I ONCE HEARD the Dalai Lama say, and I am paraphrasing, that after birth, our first experience is a mother’s affection. A child may not have the idea “This is my mother,” but there will be a connection because of the biological system. On the mother’s side there is also that sort of tremendous feeling of care. He said this was not due to religious faith, but because of the biological factor. According to the great master, human bonding is the key that brings the deepest satisfaction to the world, it is the basis of our life breath and how our life started.
But what of the adopted child deprived of her mother? What of the birth mother deprived of her child?
Of course, I already knew the answer to these questions from my own experience. I also knew that love had been trying to find a way through me as I loved my own children and they loved me in return. Love was a force greater than political, cultural, and religious interventions. Love was bigger than this institution we called adoption. And love had more work to do in me. It had driven me to be on the phone, right now. I didn’t have to defend or protect myself anymore. With my mother on the line, my good heart knew what to do.
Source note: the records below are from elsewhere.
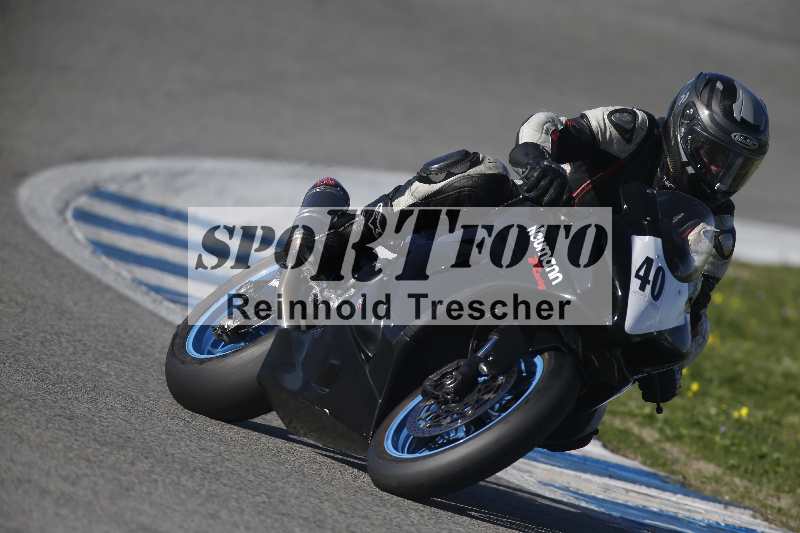 /Archiv-2024/01 26.-28.01.2024 Moto Center Thun Jerez/Gruppe gruen-green/40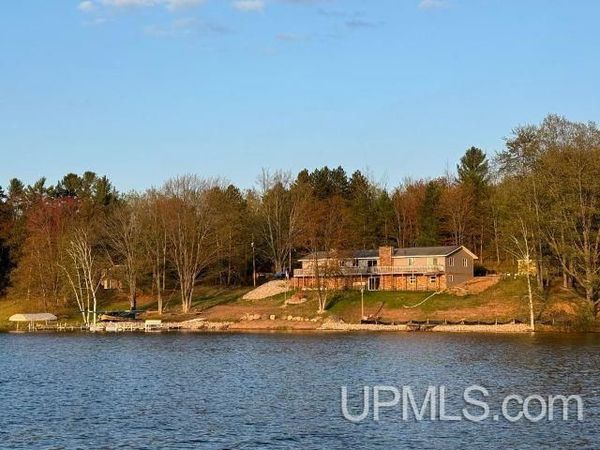 649 N Riverhills Street, Kingsford, MI 49802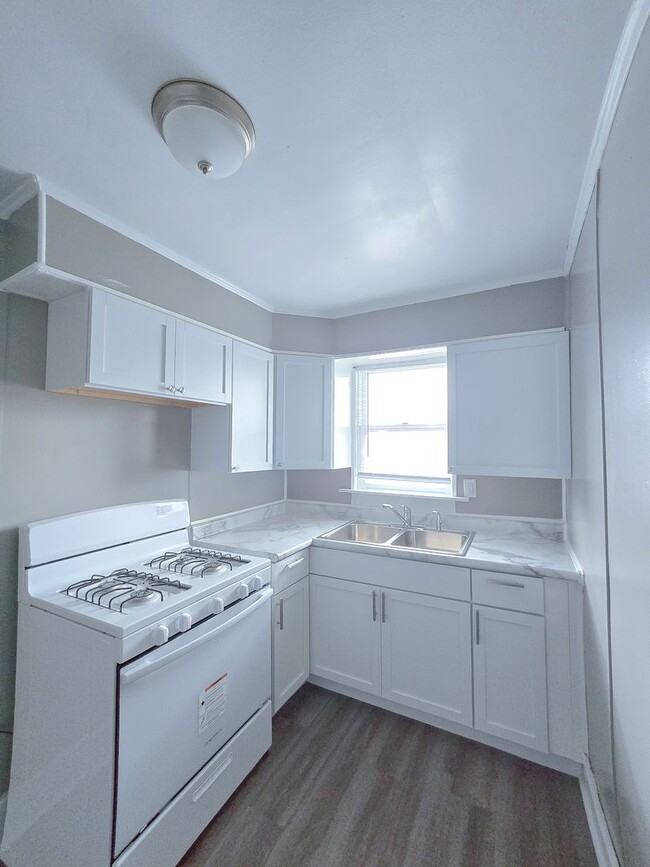 Photo - 216 E Madison St Apartment Unit 218 1/2 East Madison Street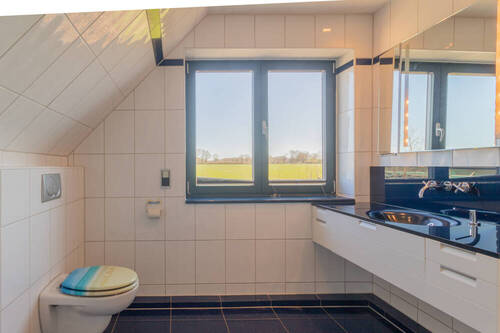 Badezimmer im Dachgeschoss - 
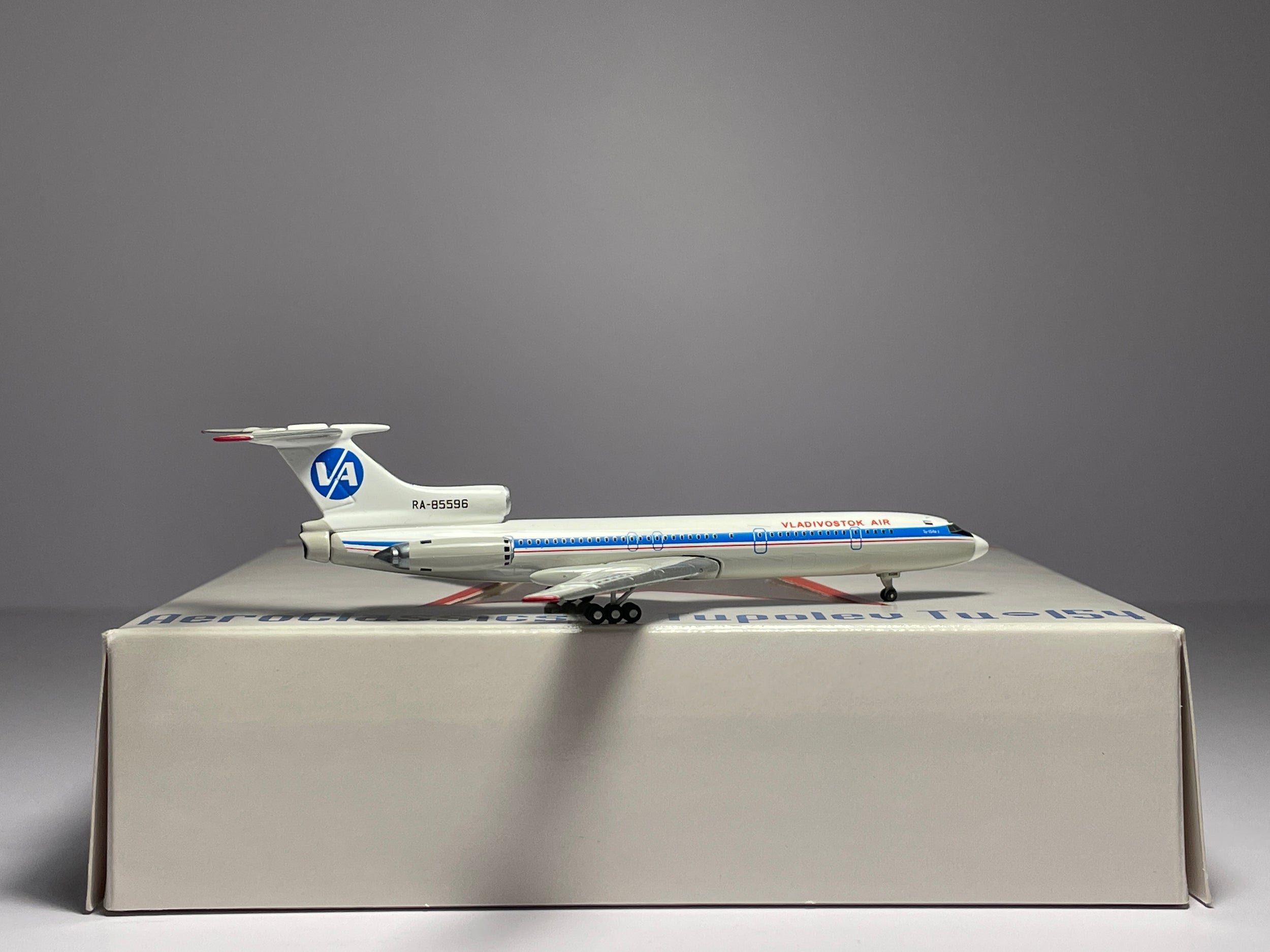 Phoenix Models 1:400 Vladivostok Air Tupolev TU-154B RA-85596 PH4VLK029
I cleared my throat and spoke that truth.
“Thank you,” I said. “Thank you for my life.”
Catherine exploded like a heavy sky, tears raining, and her voice comes ragged.
“That is the most amazing thing you could have ever said to me,” she managed. “I was just so sure you have hated me for what I did to you.”
TWENTY-FOUR
CATHERINE
CATHERINE IS ON the earliest flight from Reno.
She will land in Portland by 8:00 AM.
I am going to pick her up at the airport.
We get a day together—just this day. She has a sick cat, a job that needs her, and appointments in her datebook she cannot possibly reschedule.
I STAND IN my closet and evaluate my wardrobe—jeans, tops, sweaters, skirts. What to wear? What to wear? Should I choose a fancy combination that makes me look pretty or perhaps something professional that makes me appear credible? Perhaps I can pick an ensemble that says, “Love me. Take me home with you. Don’t leave me again.”
CATHERINE AND I have talked, several times, on the phone. We’ve exchanged emails with photos from her life—Christmas holidays,
anniversaries, birthdays, and graduations. In her pictures, I’ve seen aunts, uncles, a grandmother, and a brother and sister. My people. They all have the shape of my smile, the curve of my eyes, the size of my chin, and the span of my forehead.